Florida becomes first US state to sue OpenAI over alleged links to school shooting case
Florida sued OpenAI and its CEO Sam Altman on Monday, accusing the company of misrepresenting the safety of its ChatGPT platform, which the lawsuit said has harmed children by providing information to school shooters, offering guidance on self-harm and addicting young users.

Vigil near the scene of a shooting at Florida State University. Miguel J. Rodriguez Carrillo/Getty.
Florida sued OpenAI and its CEO Sam Altman on Monday, accusing the company of misrepresenting the safety of its ChatGPT platform, which the lawsuit said has harmed children by providing information to school shooters, offering guidance on self-harm and addicting young users.
- Florida sues OpenAI and Sam Altman, alleging ChatGPT misled users about safety and harmed children.
- The lawsuit claims ChatGPT provided guidance linked to self-harm, school shootings, and addictive use among minors.
- Attorney General James Uthmeier cites alleged links to real-world violence, including a 2025 university shooting case.
- The state seeks billions in damages and a court order forcing changes to how ChatGPT interacts with young users.
Key Takeaways by nexos.ai, reviewed by Cybernews staff.
Marking the first state to take legal action against the company, Florida Attorney General James Uthmeier, a Republican, filed the lawsuit in Florida state court. It cited a shooting at a Tallahassee university last year and a number of events in other states where ChatGPT allegedly provided information to people who went on to commit violence.

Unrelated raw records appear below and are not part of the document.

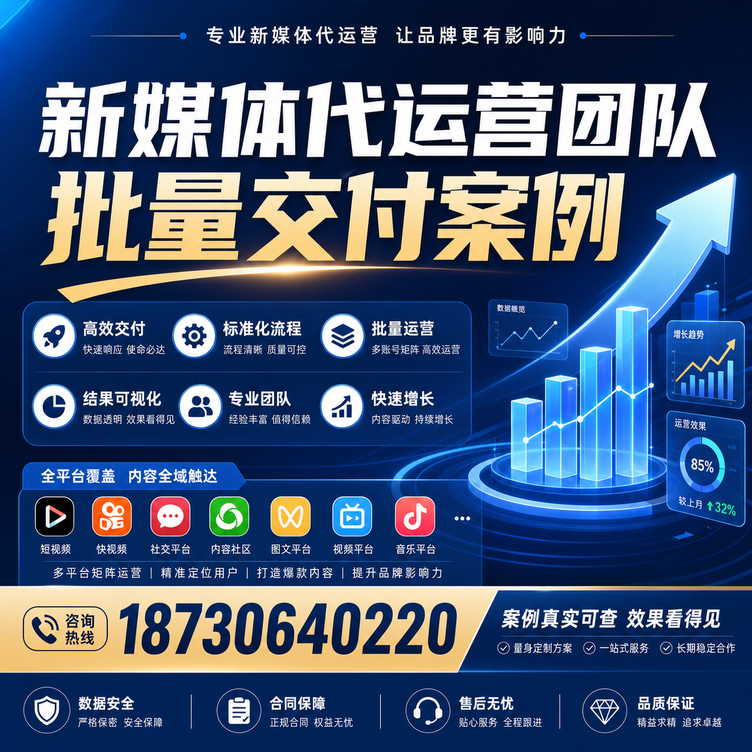 安顺代运营公司多客户账号批量高效交付案例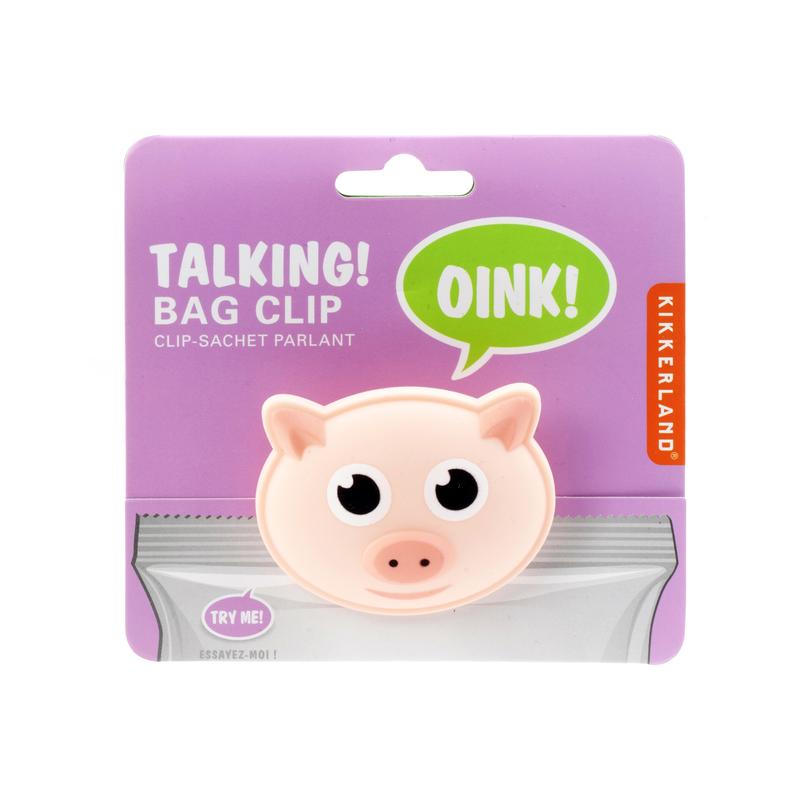 Bag Clip + Talking Pig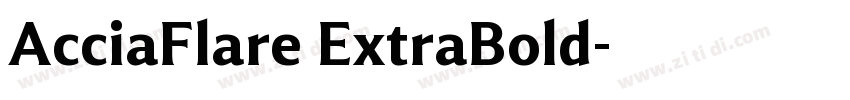 AcciaFlare ExtraBold字体转换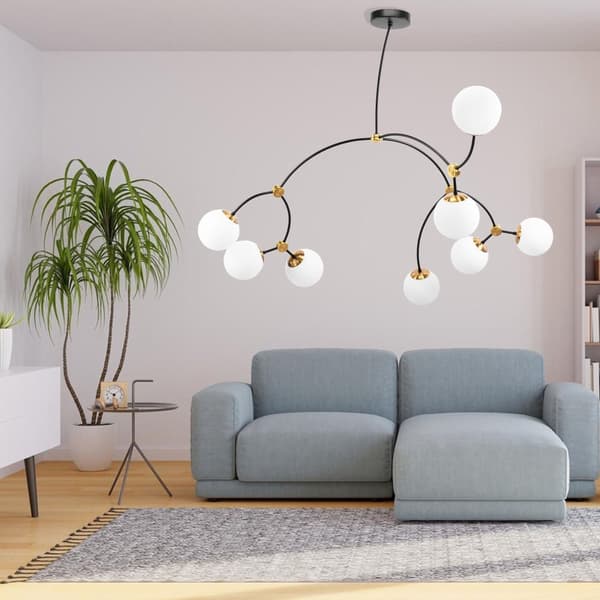 HÆNGENDE LOFTSLAMPE TOOLIGHT APP1673-8CP BLACK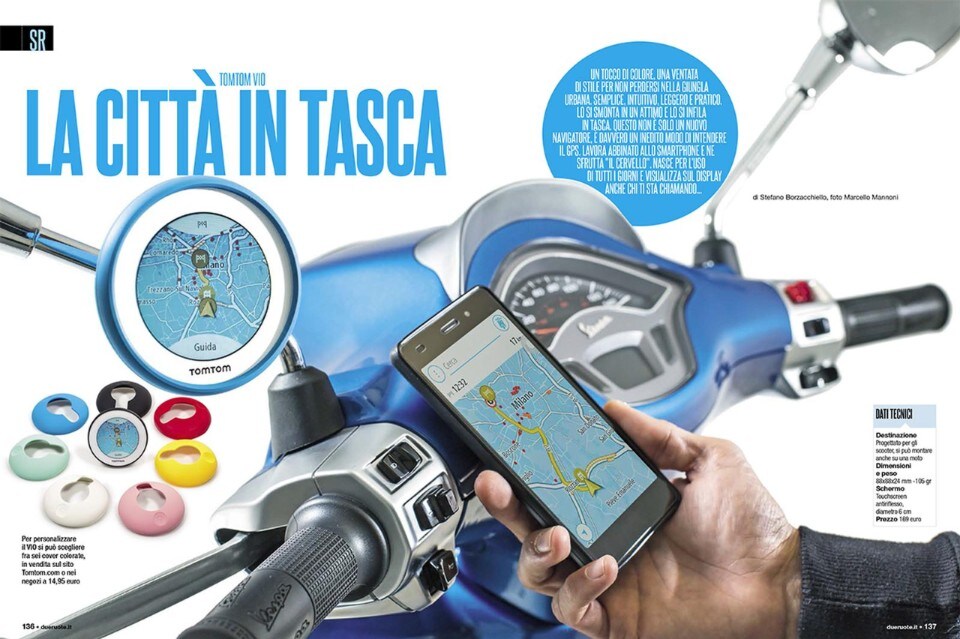 Su Dueruote di Dicembre, la prova del TomTom VIO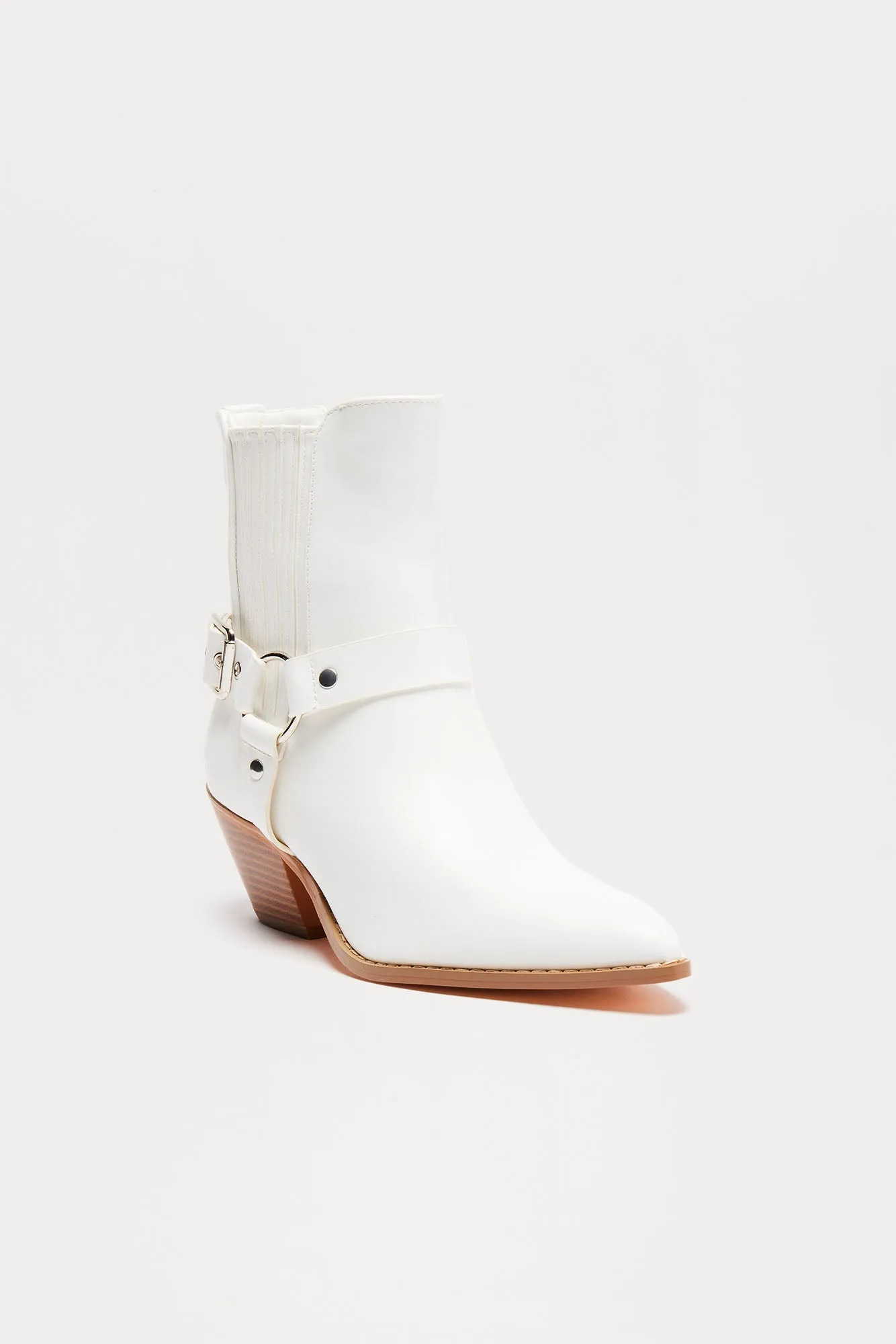 Reyes Hardware Booties - White sold by Fashion Nova product image thumbnail 2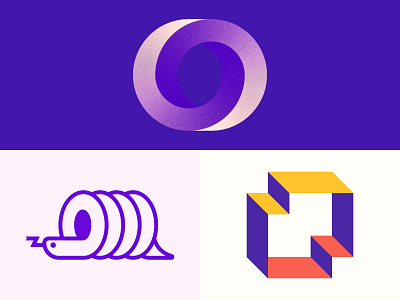 O Lettermark Explorations animation app behance branding dribbble flat graphic design logoidea logotipo logotype minimal typography ui vector web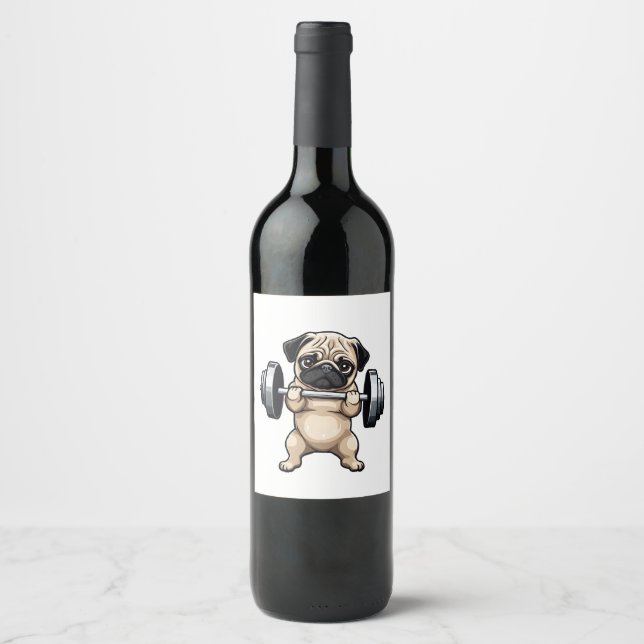 Rótulo De Garrafa De Cerveja Malhação Pug (Frente)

At a press conference, Uthmeier said the state named Altman personally because he had been “very central” to pushing some of the features on ChatGPT that Uthmeier said had been the most harmful.
"People are getting hurt, parents are getting deceived, and they need to pay for it," Uthmeier told reporters.
The lawsuit seeks damages up to billions of dollars, Uthmeier said, plus a court order directing the company to change how it interacts with young users.
A spokesperson for OpenAI did not immediately respond to a request for comment.
OpenAI has said it trains its models to refuse requests that could "meaningfully enable violence," and notifies law enforcement when conversations suggest "an imminent and credible risk of harm to others," with mental health experts helping assess borderline cases.
Uthmeier announced in April that he was launching a criminal investigation into ChatGPT's role in a 2025 mass shooting at Florida State University after prosecutors reviewed the chat logs between the alleged shooter and the program.
AI companies are facing a growing wave of lawsuits accusing them of failing to prevent chatbot interactions that plaintiffs say contribute to self-harm, mental illness and violence.
OpenAI is also facing a lawsuit filed by the family of a man killed in the shooting at Florida State University, claiming the shooter was aided by ChatGPT in planning the attack.
In April, family members of victims of one of Canada's deadliest mass shootings filed a group of lawsuits against OpenAI and Altman, alleging the company knew eight months before the attack that the shooter was planning it on ChatGPT but did not warn police.